Norton's theorem is the dual of Thévenin's: any linear circuit simplifies to a current source I_N in parallel with resistance R_N. Norton current is the short-circuit current, and Norton resistance equals Thévenin resistance. The two theorems are interchangeable via I_N = V_th/R_th, providing flexibility in circuit analysis.
From linearity and superposition — your prerequisite circuit theorems — you know that any linear network behaves predictably at its terminals regardless of internal complexity. Thévenin's theorem gave you one canonical form: a voltage source in series with a resistance. Norton's theorem gives you the dual form: a current source I_N in parallel with a resistance R_N. Both are exact representations of the same network, and they are related by a simple source transformation.
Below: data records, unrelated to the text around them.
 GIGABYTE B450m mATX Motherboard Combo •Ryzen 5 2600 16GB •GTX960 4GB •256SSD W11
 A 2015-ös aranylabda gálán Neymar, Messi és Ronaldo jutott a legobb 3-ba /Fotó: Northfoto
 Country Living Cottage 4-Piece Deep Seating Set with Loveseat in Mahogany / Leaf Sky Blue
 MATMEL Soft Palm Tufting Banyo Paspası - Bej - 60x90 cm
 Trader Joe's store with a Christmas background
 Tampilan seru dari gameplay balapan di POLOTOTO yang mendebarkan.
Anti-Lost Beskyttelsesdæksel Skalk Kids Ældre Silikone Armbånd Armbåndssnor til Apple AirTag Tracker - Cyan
To find the Norton equivalent of a network at a pair of terminals, you need two quantities. First, short-circuit the terminals (connect a wire directly across them) and measure the current that flows through that short — this is I_N. Intuitively, the Norton current is the maximum current the network can deliver to a zero-resistance load. Second, kill all independent sources (replace voltage sources with short circuits, current sources with open circuits) and measure the resistance seen looking back into the terminals from outside — this is R_N, which equals R_th exactly. The two theorems describe the same network in different languages: Thévenin says "here is how much voltage I can produce at open circuit," while Norton says "here is how much current I can deliver into a short circuit." The conversion I_N = V_th / R_th relates the two directly, so knowing either form gives you the other instantly.
The choice between Thévenin and Norton is a matter of analytical convenience, not correctness. When you are connecting networks in series, Thévenin is natural — voltage sources add directly. When you are connecting networks in parallel, Norton is natural — current sources add directly and parallel resistances combine easily. This is the practical value of duality: it lets you choose whichever equivalent makes the algebra cleaner. For example, to find the total short-circuit current from two Norton sources in parallel, you simply add their Norton currents and combine their Norton resistances in parallel — a one-line calculation. The same problem with Thévenin equivalents would require converting back to Norton, combining, then converting again.
These theorems are also the conceptual foundation for thinking about source loading — how connecting a load changes what a source delivers. A Thévenin source with large R_th drops a lot of voltage when current flows; a Norton source with small R_N loses a lot of current when voltage builds up. An ideal voltage source has R_th = 0 (no internal drop); an ideal current source has R_N = ∞ (no internal diversion). Every real source sits between these ideals, and Norton and Thévenin equivalents give you the exact two-parameter model needed to predict behavior under any load — including the maximum power transfer condition that follows directly from these equivalent circuits.